Physical altercations are a reality in certain industries. Bars, nightclubs, event venues, even hospitals – put large groups of people together, add stress or alcohol, and confrontations happen. When they do, the business is the deep pocket that gets sued. Medical bills, lost wages, pain and suffering, attorney fees – one incident can cost more than most small businesses make in a year. And since standard General Liability won’t cover it, you’re paying out of pocket without this policy.

Common industries that often require Assault and Battery Insurance include:

  • Bars, nightclubs, and lounges
  • Restaurants and entertainment venues
  • Concert halls and event spaces
  • Hotels and resorts
  • Security companies and guard services
  • Sports arenas and stadiums
  • Hospitals and emergency rooms
  • Retail stores and convenience stores
  • Any business employing bouncers, doormen, or security staff

What Does Assault and Battery Insurance Cover?

Assault and Battery Insurance typically covers:

  • Third-Party Bodily Injury: Medical costs for a patron or bystander hurt in an altercation on your property.
  • Legal Defense Costs: Attorneys, court costs, expert witnesses.
  • Settlements and Judgments: What you owe the injured party, up to your policy limits.
  • Negligent Security Claims: The argument that you should’ve had more security, better lighting, or tighter controls.
  • Employee Actions: Your bouncer puts someone in a chokehold? That’s covered.
  • Wrongful Detention or Eviction: A patron claiming they were wrongfully detained or physically thrown out.

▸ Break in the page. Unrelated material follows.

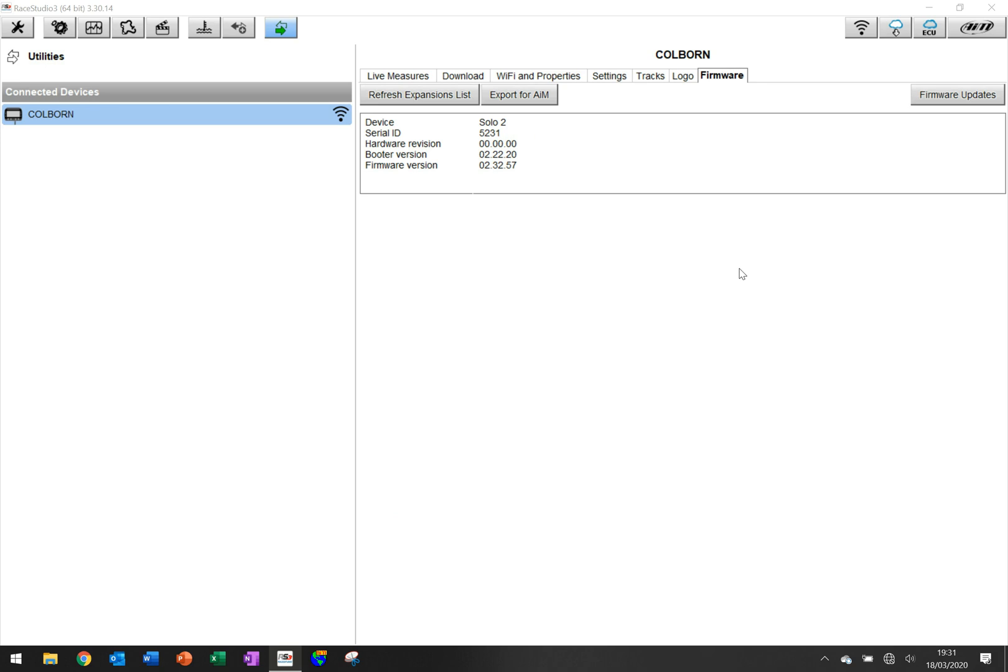So a very quick and simple overview of how to configure your AIM Solo 2 using the Race Studio software and ensuring that it's easier to get some things done on a computer screen than it is on the device itself. So have fun setting it up. And thank you.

What Doesn't Assault and Battery Insurance Cover?

While Assault and Battery Insurance offers broad protection, it doesn’t cover:

  • Intentional Acts by the Business Owner: If the owner tells the bouncer to rough someone up, there’s no coverage for that.
  • Employee-on-Employee Violence: Two staff members fighting in the back? That’s Workers’ Comp.
  • Property Damage: Broken tables and smashed mirrors go under your Property Insurance.
  • Criminal Defense: Civil liability only. Criminal charges are a separate problem.
  • Incidents Off-Premises: The fight spills across the street? May not be covered.
  • Liquor-Related Exclusions: Some policies carve out incidents tied directly to overserving –  that’s Liquor Liability territory.

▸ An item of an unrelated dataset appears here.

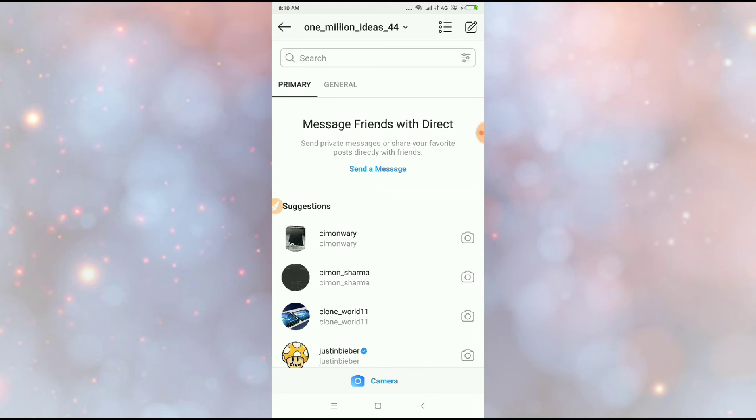So guys, this is how you can delete Instagram all chat conversation history at once. Thanks for watching.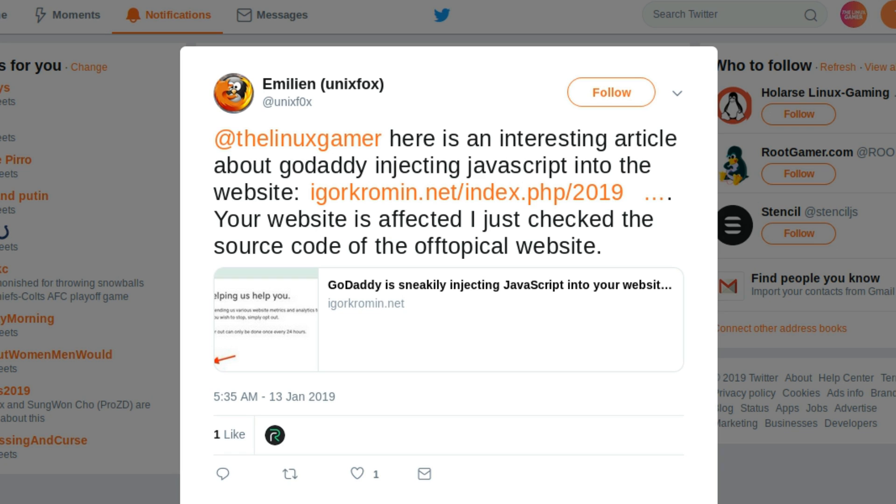Hey everybody, it's your friend the Linux Gamer. I wanted to talk today about the nature of spyware and what seems to be the digital dystopia we live in on the web. I woke up this morning to a tweet from a guy named Unix Fox on Twitter, and it got my attention. He said: 'Here's an interesting article about GoDaddy injecting JavaScript into websites — your website is affected.'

How Much Does Assault and Battery Insurance Cost?

Assault and Battery Insurance coverage typically varies based on factors like business size, revenue, industry, location, and overall risk exposure.

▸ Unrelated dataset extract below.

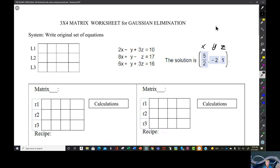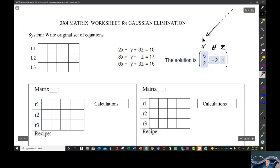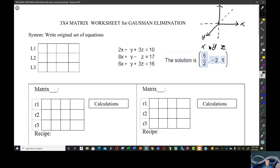If we were to draw this in three dimensions, you've got the y-axis coming off in this direction, the positive x-axis, the negative x-axis, and the positive z-axis. One way to look at this is latitude, longitude, and altitude. Another way is length, width, and height, like for a box.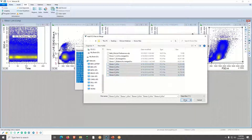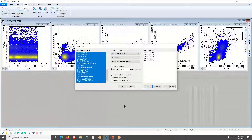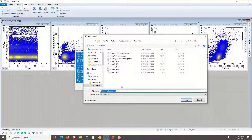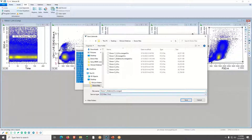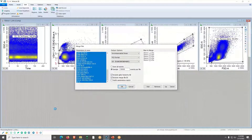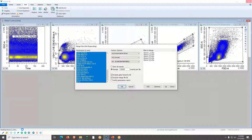I have Donor 1 through 5 — I'll click Open. Then click OK, and I have the option to name my merged file. WinList will start the name with the name of the first file. I'll add a demo label and click Save. You'll see status messages in the lower left as it goes through and reads each data file.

Pricing reflects the risk level and type of your business: For example, a nightclub pays a lot more than a restaurant

Documented security protocols and trained staff can help bring the cost down. Carriers want to see that you’re actively managing the risk, not just insuring against it.

Key Cost Factors:
  • Type of business. 
  • Location and neighborhood
  • Whether you serve alcohol and how late you’re open
  • Number of security staff
  • Claims history and past incidents
  • Venue capacity
Typical Cost Range:
  • Small restaurants or retail: $1,000 – $3,500/year
  • Bars and nightclubs: $3,500 – $15,000/year
  • Large venues and security firms: $15,000 – $50,000+/year

Risk Management Tips

To minimize potential claims:

Coverage is only half the equation. The other half is making sure incidents happen less often:

Pro Tip: If you have bouncers and no cameras, you’re asking for trouble. A patron’s word against your bouncer’s – with no video – is the kind of claim that settles for a lot of money.

  • Hire trained, licensed security. An untrained bouncer creates more liability than no bouncer at all.
  • Cameras. Everywhere that matters. And keep the footage. In a he-said/she-said claim, video is your best friend.
  • Have a written de-escalation protocol. Train your staff on it. Enforce it. Most fights can be stopped before they start if someone intervenes early.
  • Train bartenders and door staff specifically on conflict situations. Pouring drinks and spotting trouble are two different skill sets.
  • Monitor alcohol consumption. An intoxicated patron is the most common ingredient in an assault claim.
  • Log every incident, even the minor ones. That report you filed for a shoving match in March could be key evidence in a lawsuit filed in September.